Vivemos as maravilhas da vida e as dores do sofrimento, mas em determinado momento, consegui uma força além de mim e brigamos. E então, depois de muito tempo e muita dor física, mental e espiritual, consegui com que se afastasse. As marcas que ficaram em meus braços e meu rosto não foram nada comparadas às marcas deixadas em minha alma.

Ele tentou voltar comigo algumas vezes e, à exceção de apenas um único momento, onde deixei que meu amor por ele sobrepujasse meu medo, e onde mais uma vez ele mostrou que era mais monstro do que homem, consegui afastá-lo de meus dias.

Por muito tempo mantive-me constantemente em meu trabalho, lugar onde Wagner havia parado de vigiar, pois os seguranças conseguiram evitar suas visitas.

Foi nessa época que conheci Roberto, que me cativou com sua conversa gostosa, seu lindo sorriso e suas mãos grandes. Fomos apresentados por Silvia, uma amiga do trabalho com quem eu confidenciava alguns de meus momentos com Wagner. Não demorou muito e admito que me apaixonei por Roberto, talvez para preencher o vazio que foi deixado em mim, ou talvez porque ele me completava, me tornava inteira realmente. Aquilo era intenso e diferente.

Infelizmente Wagner soube de meu namorado e segundo me contaram, após beber muito além da conta ele estava tomado pelo ódio, um ódio diabólico que ultrapassava seu olhar, que tornava negra a sua alma. Foi-me falado que ele estava determinado a me matar e entrou em seu carro, e disparou em alta velocidade, e morreu ao se chocar frontalmente com outro veículo. O outro motorista e sua esposa também faleceram naquela hora.

Eu sei que não deveria, mas fiquei aliviada ao saber da morte dele.
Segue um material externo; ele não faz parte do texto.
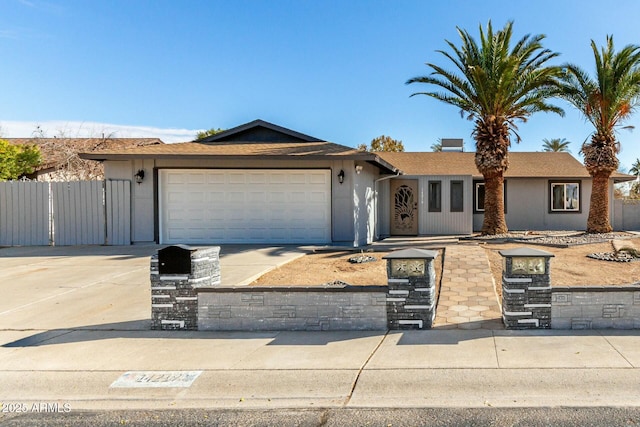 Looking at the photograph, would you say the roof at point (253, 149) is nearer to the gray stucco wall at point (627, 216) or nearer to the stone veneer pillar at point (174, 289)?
the stone veneer pillar at point (174, 289)

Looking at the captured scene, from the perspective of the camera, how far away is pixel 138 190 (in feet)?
48.3

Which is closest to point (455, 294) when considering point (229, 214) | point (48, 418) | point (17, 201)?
point (48, 418)

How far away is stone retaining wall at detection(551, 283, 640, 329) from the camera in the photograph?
19.2 feet

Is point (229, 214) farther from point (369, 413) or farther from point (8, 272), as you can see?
point (369, 413)

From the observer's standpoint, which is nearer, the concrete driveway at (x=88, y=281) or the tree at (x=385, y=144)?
the concrete driveway at (x=88, y=281)

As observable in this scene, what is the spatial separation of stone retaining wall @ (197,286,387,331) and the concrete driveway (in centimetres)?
116

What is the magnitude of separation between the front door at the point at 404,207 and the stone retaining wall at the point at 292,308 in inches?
520

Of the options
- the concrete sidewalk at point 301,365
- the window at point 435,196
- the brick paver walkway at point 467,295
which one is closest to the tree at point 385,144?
the window at point 435,196

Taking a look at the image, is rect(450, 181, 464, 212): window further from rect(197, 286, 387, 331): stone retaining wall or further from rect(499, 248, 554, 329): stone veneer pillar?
rect(197, 286, 387, 331): stone retaining wall

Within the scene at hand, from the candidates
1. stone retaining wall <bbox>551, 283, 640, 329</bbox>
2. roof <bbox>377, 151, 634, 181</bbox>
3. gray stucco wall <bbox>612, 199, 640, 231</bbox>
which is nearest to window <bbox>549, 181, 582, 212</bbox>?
roof <bbox>377, 151, 634, 181</bbox>

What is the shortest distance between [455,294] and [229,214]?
9.02m

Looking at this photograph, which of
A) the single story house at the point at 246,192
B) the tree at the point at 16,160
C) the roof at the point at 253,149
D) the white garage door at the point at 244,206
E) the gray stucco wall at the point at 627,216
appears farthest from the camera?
the gray stucco wall at the point at 627,216

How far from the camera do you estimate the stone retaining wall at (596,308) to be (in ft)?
19.2

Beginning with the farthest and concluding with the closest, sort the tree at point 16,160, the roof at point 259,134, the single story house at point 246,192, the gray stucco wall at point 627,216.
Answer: the gray stucco wall at point 627,216
the tree at point 16,160
the roof at point 259,134
the single story house at point 246,192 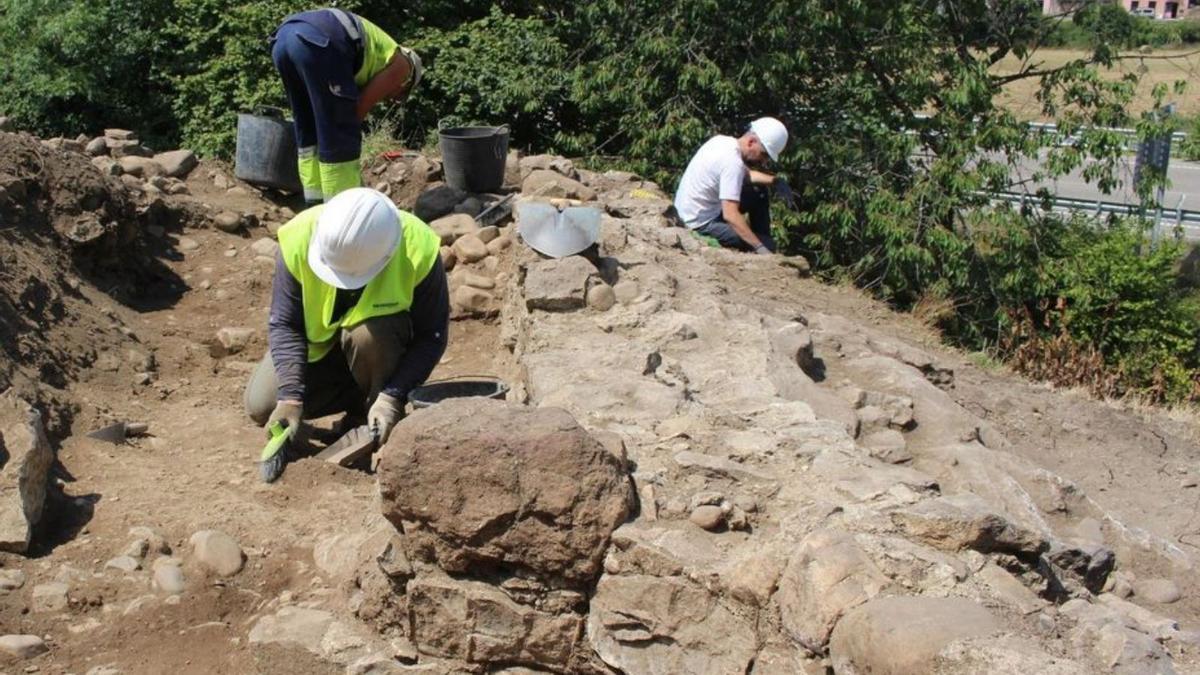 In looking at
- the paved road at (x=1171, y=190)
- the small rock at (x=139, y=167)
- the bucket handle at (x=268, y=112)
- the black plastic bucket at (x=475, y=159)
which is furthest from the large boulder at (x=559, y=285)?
the paved road at (x=1171, y=190)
A partir daquele momento minha vida seria melhor, mais livre e com um homem que me amava e me respeitava.

Minha vida liberta e plena durou até o momento em que o ódio sobrenatural que Wagner nutria, aquele ciúmes diabólico, repleto de doenças emocionais e sua própria incapacidade de lidar com a rejeição, uma rejeição construída pedra a pedra por ele mesmo, ganhou força, escopo, determinação à medida em que minha felicidade junto a Roberto crescia.

Quando o fantasma nu de Wagner, etéreo, assustador, de coloração próxima a carne apodrecida e um odor repugnante de terra estéril, carniça e vermes, se apresentou à minha frente, na noite em que eu me preparava para comemorar dois anos de namoro, eu chorei copiosamente, uma onda de desespero tomou conta de mim, pois mesmo a morte não havia levado o homem que me feriu, que abusou de meu amor e que me prendia, que me impedia de ter uma vida.

Eu gritava alto, agudamente, desesperadamente. Gritava para ele me deixar em paz. Gritava com ele como nunca tive coragem de fazê-lo quando ele estava vivo. Ele não foi embora e por mais que eu quisesse eu não tinha forças para me movimentar, para fugir.

Os olhos espectrais dele cortavam minha vontade, feriam minha consciência, me tornavam ainda mais indefesa. Eu o temia e esse temor alimentava aquela sombra. Eu o amava e meu amor me prendia àquele chão. Eu o odiava e quando de súbito tive noção de que poderia direcionar aquele ódio para me libertar, senti a lâmina em meu seio, me matando. Ele havia finalmente roubado de mim, definitivamente, a minha felicidade, minha vida, minha esperança. Meu ódio tomou forma e então me desliguei do que eu era, tornei-me vazia, ódio e amor.

Wagner se foi. Quando concluiu o seu intento ele foi extirpado para sempre da existência, seu ódio o consumiu assim como a decepção de não ter vivido plenamente me consome.

Hoje vigio Roberto através dos espelhos, dos reflexos nas lâminas, por onde ele anda. Velo seu sono. Desde que ele arrumou um outro amor para ajudá-lo a suportar a dor de minha morte eu o vigio e à medida que o amor deles cresce, minha decepção e ódio crescem juntos.

Espero um dia ter a força que Wagner tinha e conseguir operar a faca que entrará fundo no coração de Roberto, mas também espero que quando esse dia chegar o amor que sinto pelo homem que me matou, o homem que desejo matar e o amor por mim própria superem meu ódio e decepção e que me impeçam de fazê-lo, libertando-me desses grilhões, permitindo que eu não seja consumida pelo ódio e que talvez, apenas talvez, encontre algo além, nessa inexistência do além vida.